Thought leader interview with Craig Binning and Andrew Mirabella of Hemson Consulting

September 19, 2025

CWN’s quarterly newsletter with the latest news, insights and thought leadership.

Canadian Water Network’s (CWN) CEO Nicola Crawhall sat down for an in-depth interview with Craig Binning and Andrew Mirabella of Hemson Consulting. The firm specializes in planning policy, municipal finance, demographic and economic forecasting, land needs assessment, real estate advisory, and transportation impact analysis.

Craig is a partner at Hemson Consulting. He leads the firm’s municipal finance practice, which encompasses a range of services, including development charges, fiscal impact analysis, water and sewer rate studies, asset management, and long-range financial sustainability studies.

Andrew is an associate partner at Hemson Consulting. He heads up asset management plans, utility rate studies, development charge studies, and long-range financial planning.

National housing target and servicing challenge

Nicola: With a housing target of 5.8 million housing units by 2030, municipalities across the country are tasked with planning for, approving and servicing for this growth. FCM’s analysis estimates that it will cost $ 107,000 per household in housing-supportive infrastructure, including water and wastewater, for a total of $600 billion in infrastructure investment across the country.

Setting aside the challenge of building that much infrastructure that quickly, from a purely financial point of view, do municipalities have the financial levers to enable this level of investment over such a short period of time?

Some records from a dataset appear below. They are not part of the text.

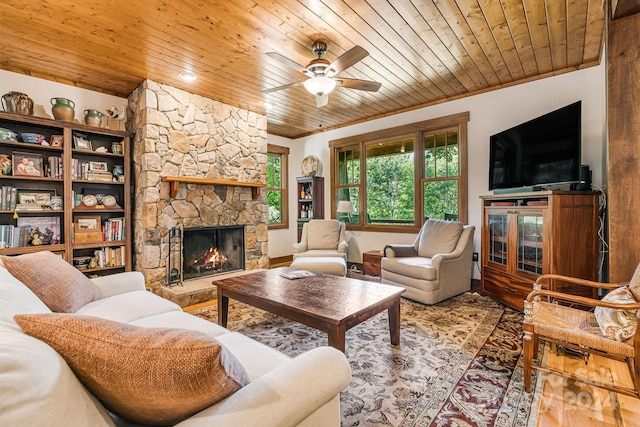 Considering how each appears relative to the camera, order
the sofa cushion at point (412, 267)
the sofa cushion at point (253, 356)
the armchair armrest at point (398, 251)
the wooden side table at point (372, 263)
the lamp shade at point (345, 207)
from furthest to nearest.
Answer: the lamp shade at point (345, 207), the wooden side table at point (372, 263), the armchair armrest at point (398, 251), the sofa cushion at point (412, 267), the sofa cushion at point (253, 356)

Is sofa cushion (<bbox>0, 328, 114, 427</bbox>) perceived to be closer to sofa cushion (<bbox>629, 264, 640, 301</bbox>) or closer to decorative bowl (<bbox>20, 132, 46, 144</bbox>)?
sofa cushion (<bbox>629, 264, 640, 301</bbox>)

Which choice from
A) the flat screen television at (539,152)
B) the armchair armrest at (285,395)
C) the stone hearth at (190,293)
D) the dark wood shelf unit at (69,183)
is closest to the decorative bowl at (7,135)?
the dark wood shelf unit at (69,183)

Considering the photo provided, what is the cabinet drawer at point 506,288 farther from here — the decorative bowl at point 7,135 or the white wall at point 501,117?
the decorative bowl at point 7,135

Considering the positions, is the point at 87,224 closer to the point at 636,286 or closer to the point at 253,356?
the point at 253,356

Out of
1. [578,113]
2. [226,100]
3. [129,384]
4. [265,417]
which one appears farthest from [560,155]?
[226,100]

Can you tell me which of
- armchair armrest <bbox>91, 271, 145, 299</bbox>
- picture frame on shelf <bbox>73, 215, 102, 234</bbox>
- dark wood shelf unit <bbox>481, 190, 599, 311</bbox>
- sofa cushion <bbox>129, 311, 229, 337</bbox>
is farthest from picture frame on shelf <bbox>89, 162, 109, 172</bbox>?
dark wood shelf unit <bbox>481, 190, 599, 311</bbox>

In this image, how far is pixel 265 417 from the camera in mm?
784

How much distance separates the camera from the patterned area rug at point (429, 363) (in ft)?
5.33

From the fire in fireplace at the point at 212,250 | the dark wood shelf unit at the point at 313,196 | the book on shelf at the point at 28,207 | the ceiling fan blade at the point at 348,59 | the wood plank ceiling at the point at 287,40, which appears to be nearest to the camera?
the ceiling fan blade at the point at 348,59

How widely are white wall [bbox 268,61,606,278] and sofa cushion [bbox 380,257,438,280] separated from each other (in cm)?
94

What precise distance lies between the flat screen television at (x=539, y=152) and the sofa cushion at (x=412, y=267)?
1260 millimetres

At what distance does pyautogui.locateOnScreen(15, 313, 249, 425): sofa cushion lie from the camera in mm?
716

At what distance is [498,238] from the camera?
3.34 m

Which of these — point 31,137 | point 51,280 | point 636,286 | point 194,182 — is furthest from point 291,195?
point 636,286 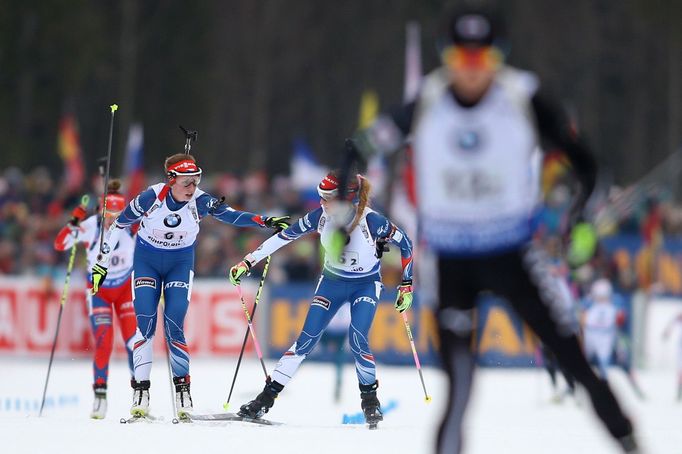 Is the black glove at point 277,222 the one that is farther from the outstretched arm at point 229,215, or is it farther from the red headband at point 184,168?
the red headband at point 184,168

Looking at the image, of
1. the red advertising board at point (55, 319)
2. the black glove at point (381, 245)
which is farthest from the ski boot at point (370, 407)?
the red advertising board at point (55, 319)

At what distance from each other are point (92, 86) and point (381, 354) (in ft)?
91.9

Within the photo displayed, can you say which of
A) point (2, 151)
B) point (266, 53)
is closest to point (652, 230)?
point (2, 151)

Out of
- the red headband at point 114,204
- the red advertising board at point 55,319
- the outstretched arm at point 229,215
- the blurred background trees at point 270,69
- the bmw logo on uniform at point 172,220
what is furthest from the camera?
the blurred background trees at point 270,69

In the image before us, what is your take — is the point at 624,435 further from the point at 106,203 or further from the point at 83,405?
the point at 83,405

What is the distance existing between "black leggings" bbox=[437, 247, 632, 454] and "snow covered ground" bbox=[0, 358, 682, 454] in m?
0.19

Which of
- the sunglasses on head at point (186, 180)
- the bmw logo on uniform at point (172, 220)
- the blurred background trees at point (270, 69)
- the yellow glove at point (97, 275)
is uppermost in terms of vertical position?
the blurred background trees at point (270, 69)

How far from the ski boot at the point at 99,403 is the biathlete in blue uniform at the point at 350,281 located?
1.81 meters

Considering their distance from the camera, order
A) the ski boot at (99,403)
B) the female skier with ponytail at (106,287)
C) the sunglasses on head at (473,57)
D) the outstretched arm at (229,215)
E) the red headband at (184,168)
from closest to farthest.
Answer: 1. the sunglasses on head at (473,57)
2. the red headband at (184,168)
3. the outstretched arm at (229,215)
4. the ski boot at (99,403)
5. the female skier with ponytail at (106,287)

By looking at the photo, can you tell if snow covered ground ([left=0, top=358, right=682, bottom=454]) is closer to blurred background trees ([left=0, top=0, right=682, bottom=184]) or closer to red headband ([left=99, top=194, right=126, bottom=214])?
red headband ([left=99, top=194, right=126, bottom=214])

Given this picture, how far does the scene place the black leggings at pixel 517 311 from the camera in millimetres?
6449

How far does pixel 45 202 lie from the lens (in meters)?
25.0

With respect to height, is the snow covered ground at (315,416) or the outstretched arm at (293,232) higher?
the outstretched arm at (293,232)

Craig: Everyone now acknowledges that we won’t hit that housing target within the next five years. It was going to be a challenge anyway, but with tariffs and the economic uncertainty around trade with the US, it has had the effect of slowing down the housing markets, particularly in the Greater Toronto Area, but also in the Lower Mainland of British Columbia (B.C.). This is actually a good thing from an infrastructure perspective because it gives us more time. The price tag is huge. It’s great that the Government of Ontario recently announced another $1.6-billion in funding for housing enabling infrastructure, but within the context of the overall spend, it’s not a lot of money. Large municipalities are already assuming significantly more debt, and are spreading it out over a longer term, but there are restrictions in Ontario (e.g., debt cannot exceed 25 percent of own-source revenues). So, there will be more challenges in how to use that money as there are very few levers. Municipalities and municipal utilities will need to be creative in how they use their reserves. And we are just talking about new assets when we still have to invest in state of good repair (SOGR).  Many large municipalities are in better shape in terms of keeping up with SOGR, but the competition between SOGR and investing in new assets will put more pressure on utility rates. Hemson has seen rate increases of five to 10 percent over the last 10-15 years. Some larger municipalities are now increasing rates closer to the level of inflation.

Andrew: Unlike parks or other soft services, water and wastewater infrastructure can’t be delayed. It has to be in place before housing is built, so the municipality is taking on a significant amount of risk. There is also great uncertainty about how and when it will be able to recoup its expenses. This adds another layer to how long municipalities carry debt.

Large municipalities with significant reserves, like the City of Toronto, may be able to take advantage of the economic slowdown to build out more capacity. And they are good at leveraging SOGR at the same time. Some municipalities with significant greenfield areas may not have the reserves to move forward with building more capacity until the housing market picks up.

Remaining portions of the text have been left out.